Word for word, please copy the line containing "劳动合同法五险规定 劳动合同法五险规定" and all lines after it in the entries below, and only those, leaving every picture out.

□ □ □

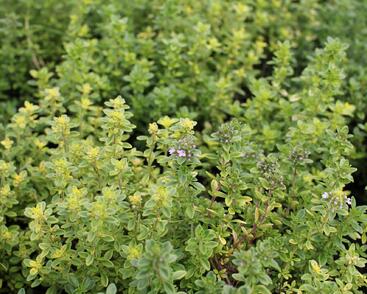 Mateřídouška vejčitá 'Archers Gold'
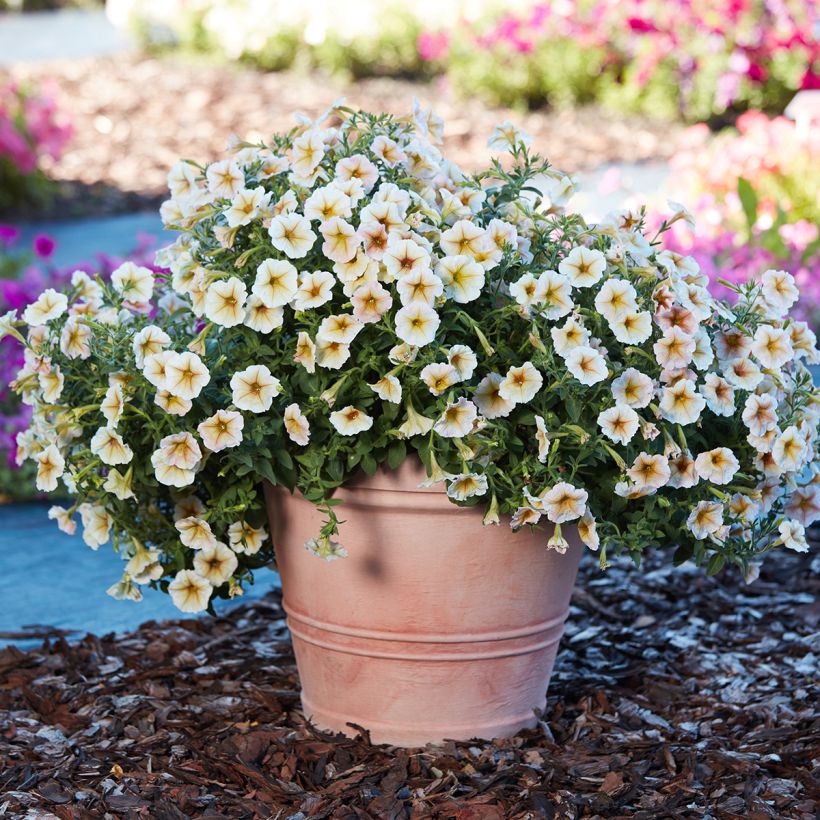Petunia Ingrid F1 (Pillierte Samen) (Wuchs)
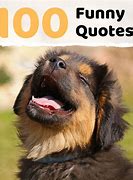 Image result for Being Silly Quotes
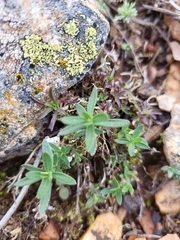 Arenaria montana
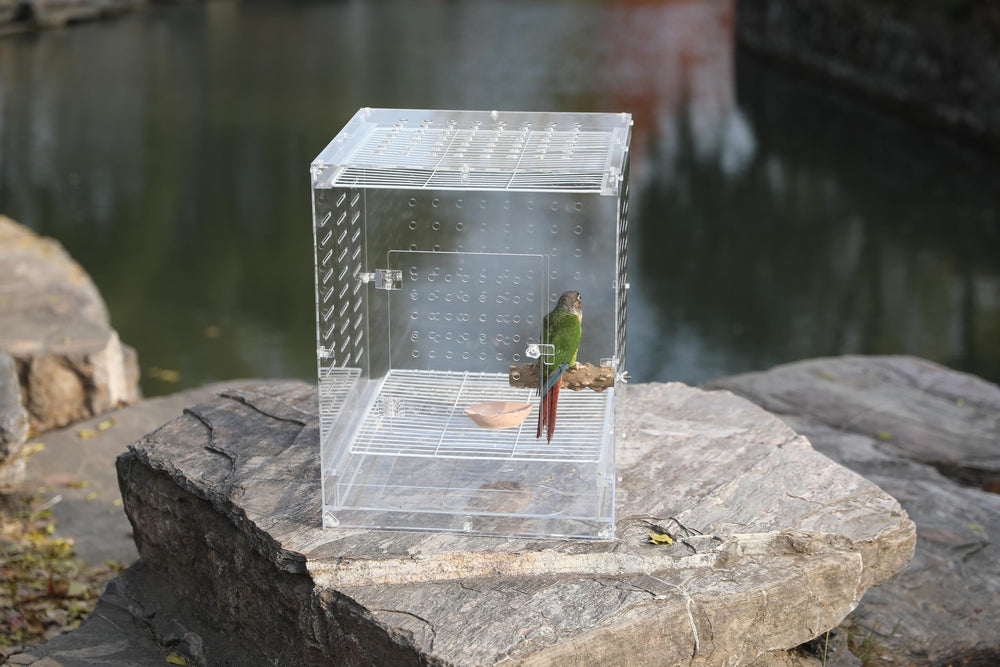 Jaula acrílica clara para aves: ideal para aves pequeñas.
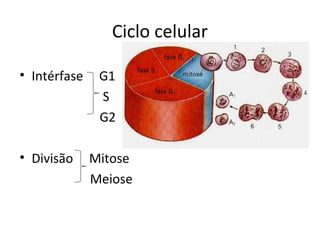 Ciclo celular
• Intérfase G1
S
G2
• Divisão Mitose
Meiose
 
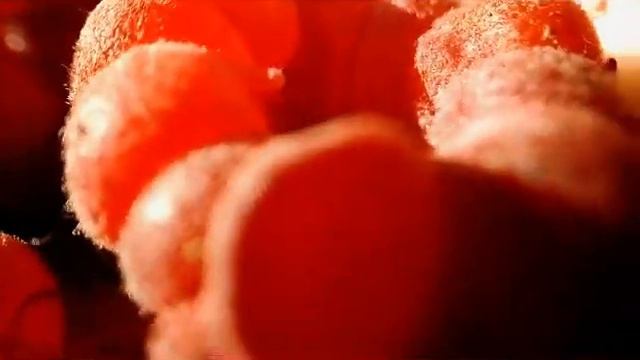 Лето в ладонях. Лесной мукбанг. смотреть онлайн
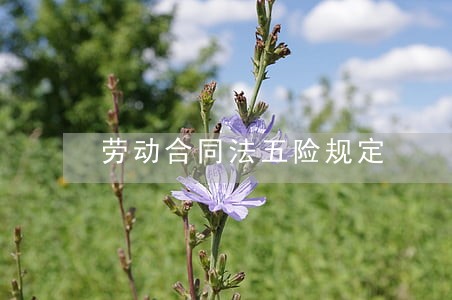 劳动合同法五险规定 劳动合同法五险规定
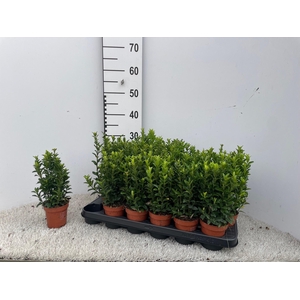EUONYMUS JA GR SPIRE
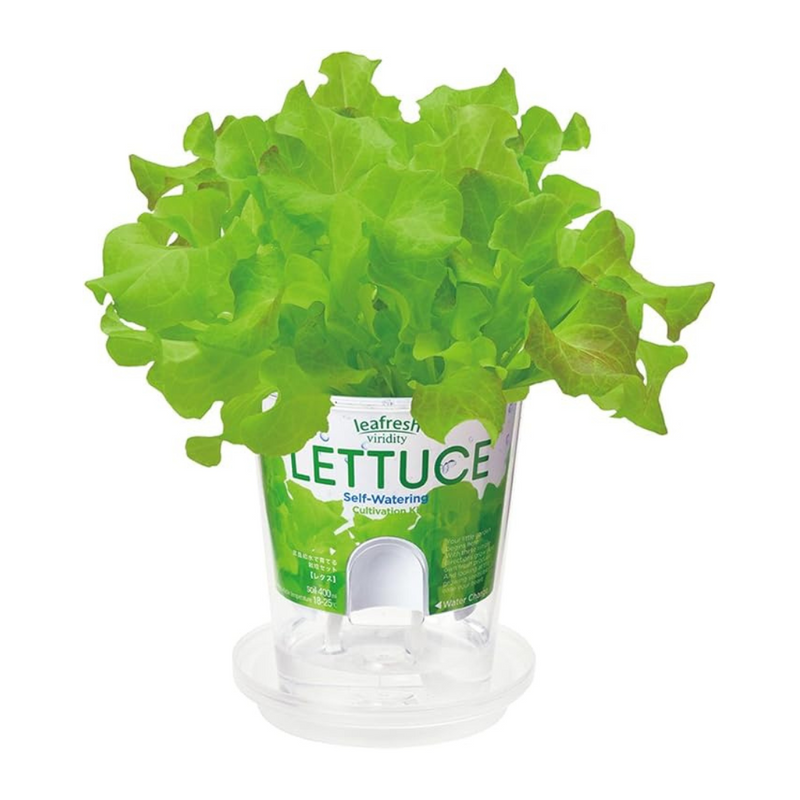 Self Watering Cultivation Kit - Lettuce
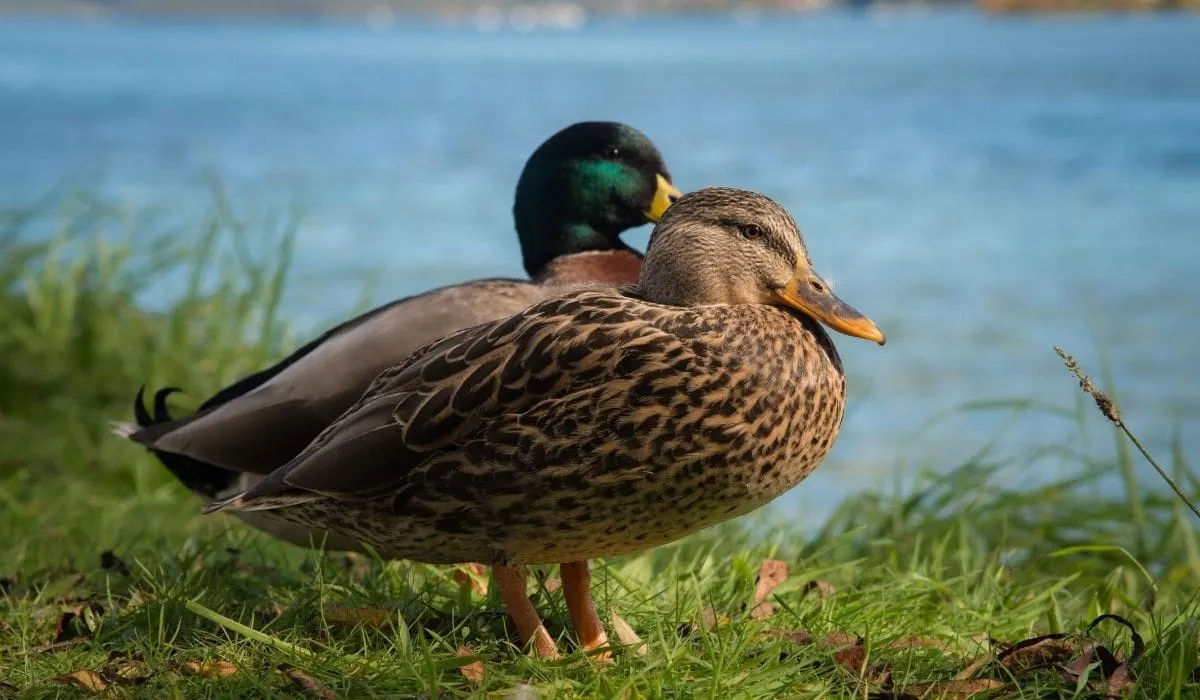 Interesting Facts About How Ducks Mate Farmhouse Guide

□ □ □

### Response to the exercise
 劳动合同法五险规定 劳动合同法五险规定
EUONYMUS JA GR SPIRE
 Self Watering Cultivation Kit - Lettuce
 Interesting Facts About How Ducks Mate Farmhouse Guide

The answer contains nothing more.